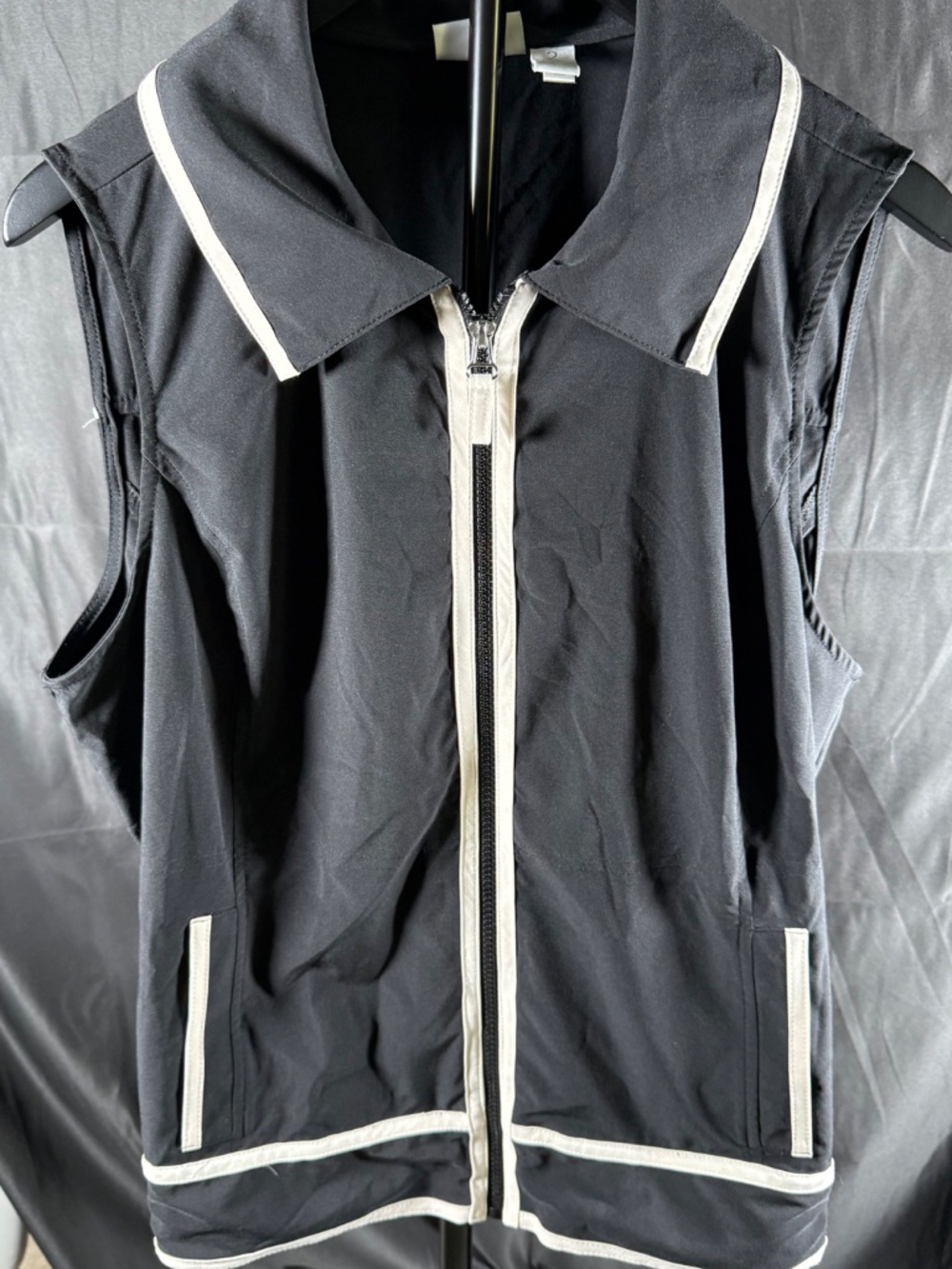 Chico's Zenergy Like New Zip Up Vest (Size 2-see size chart)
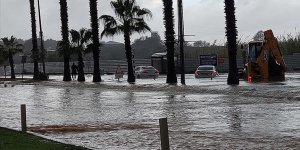 Antalya'da şiddetli yağış etkili oldu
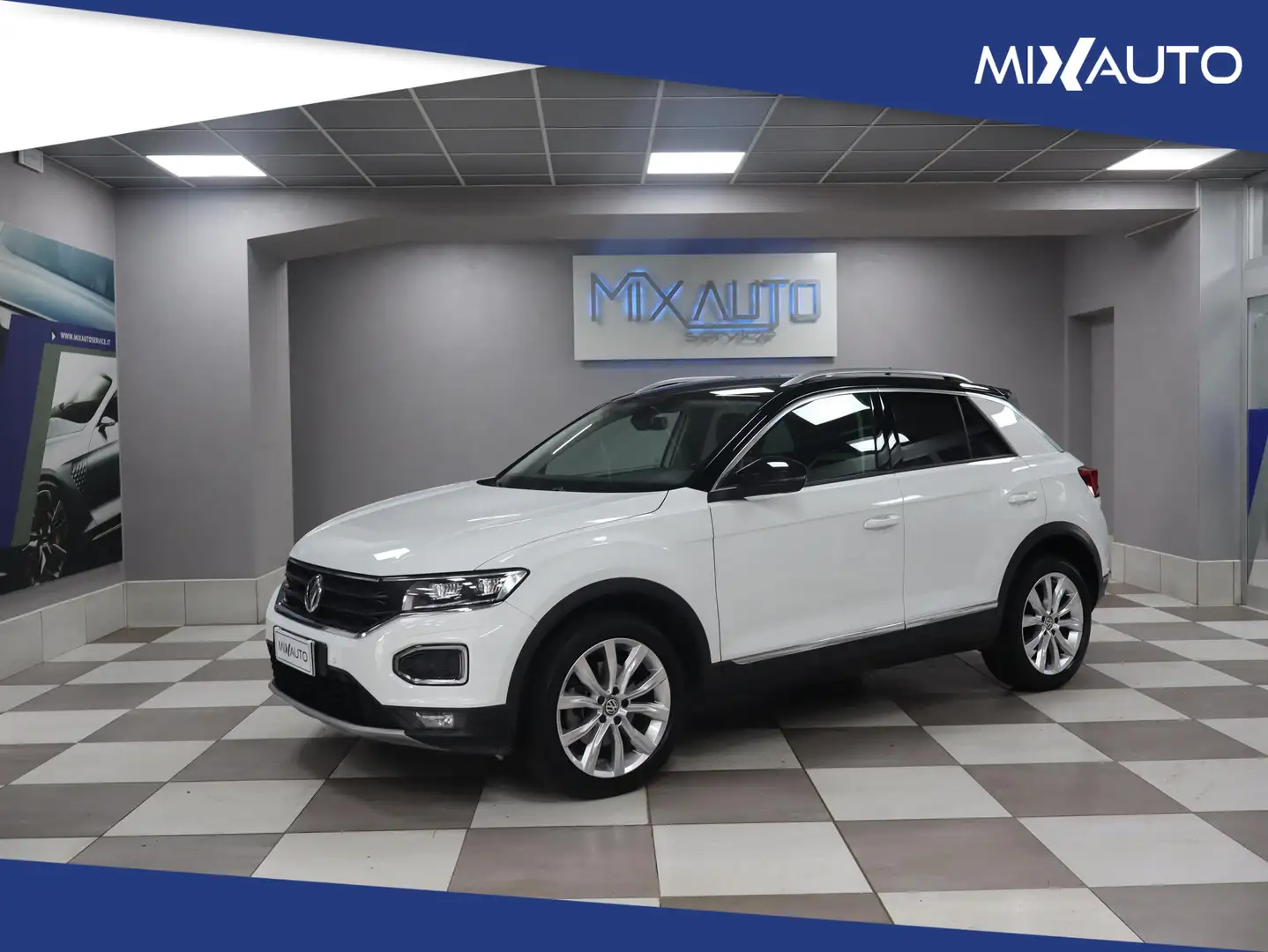 Volkswagen T-Roc 2.0 TDI Advanced 150CV DSG Bianco - 1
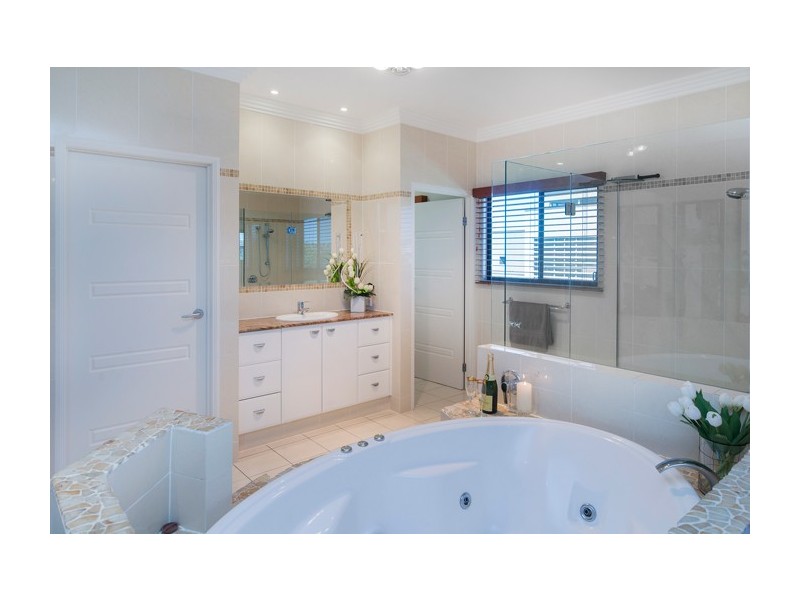 2546 Gracemere Circuit West, Hope Island QLD 4212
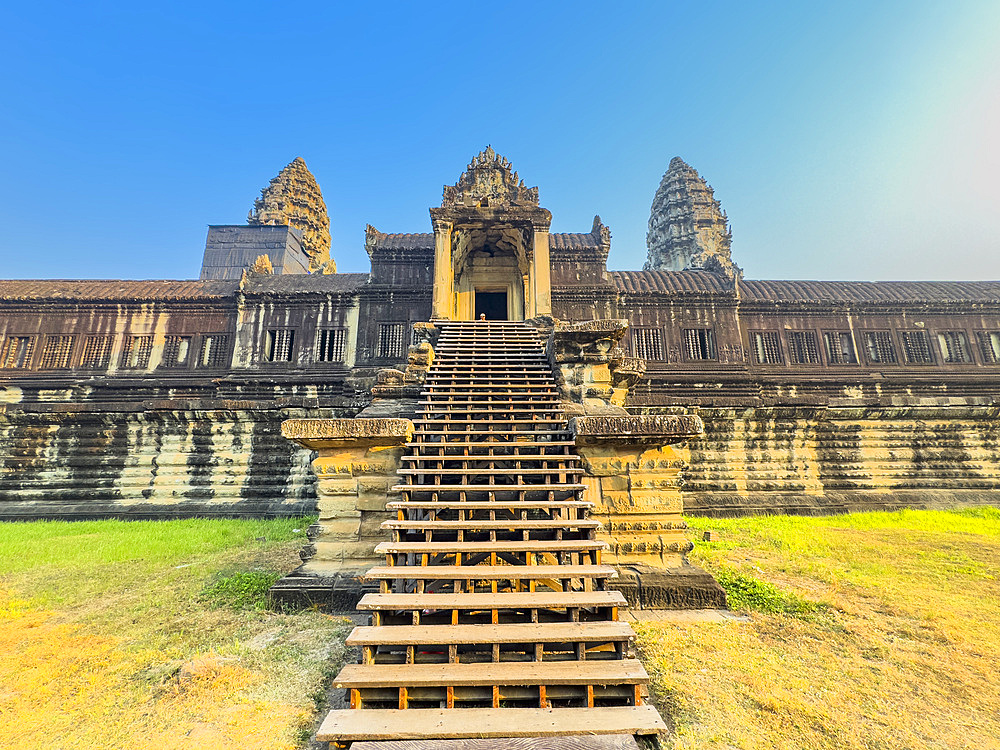 Angkor Wat, UNESCO World Heritage Site, a Hindu-Buddhist temple complex near Siem Reap, Cambodia, Indochina, Southeast Asia, Asia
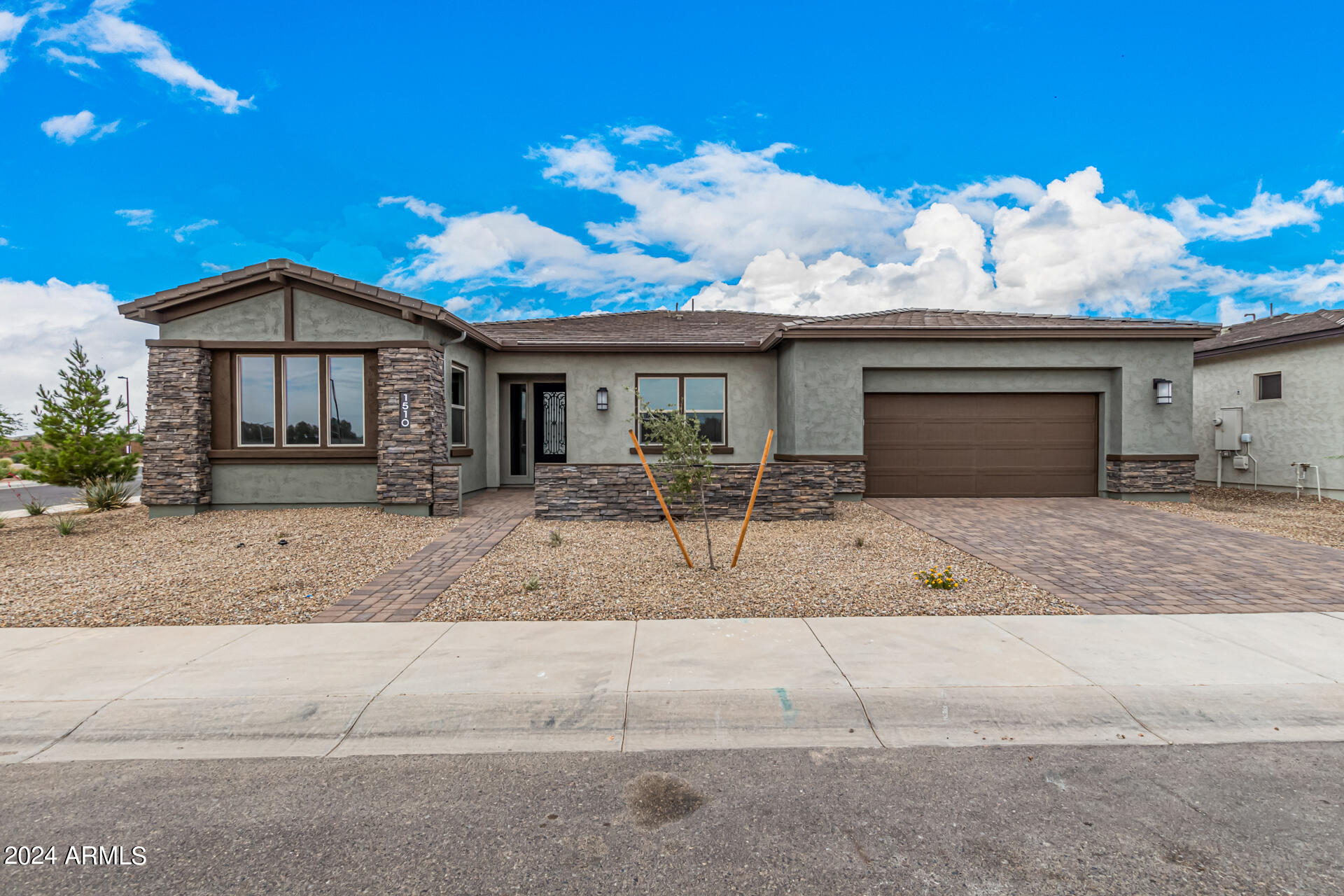 1510 W CHERRYWOOD Drive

**What you should do**: Pictures aside, retype all of the entries word for word.

**Completed task**:
 Chico's Zenergy Like New Zip Up Vest (Size 2-see size chart)
 Antalya'da şiddetli yağış etkili oldu
 Volkswagen T-Roc 2.0 TDI Advanced 150CV DSG Bianco - 1
 2546 Gracemere Circuit West, Hope Island QLD 4212
 Angkor Wat, UNESCO World Heritage Site, a Hindu-Buddhist temple complex near Siem Reap, Cambodia, Indochina, Southeast Asia, Asia
 1510 W CHERRYWOOD Drive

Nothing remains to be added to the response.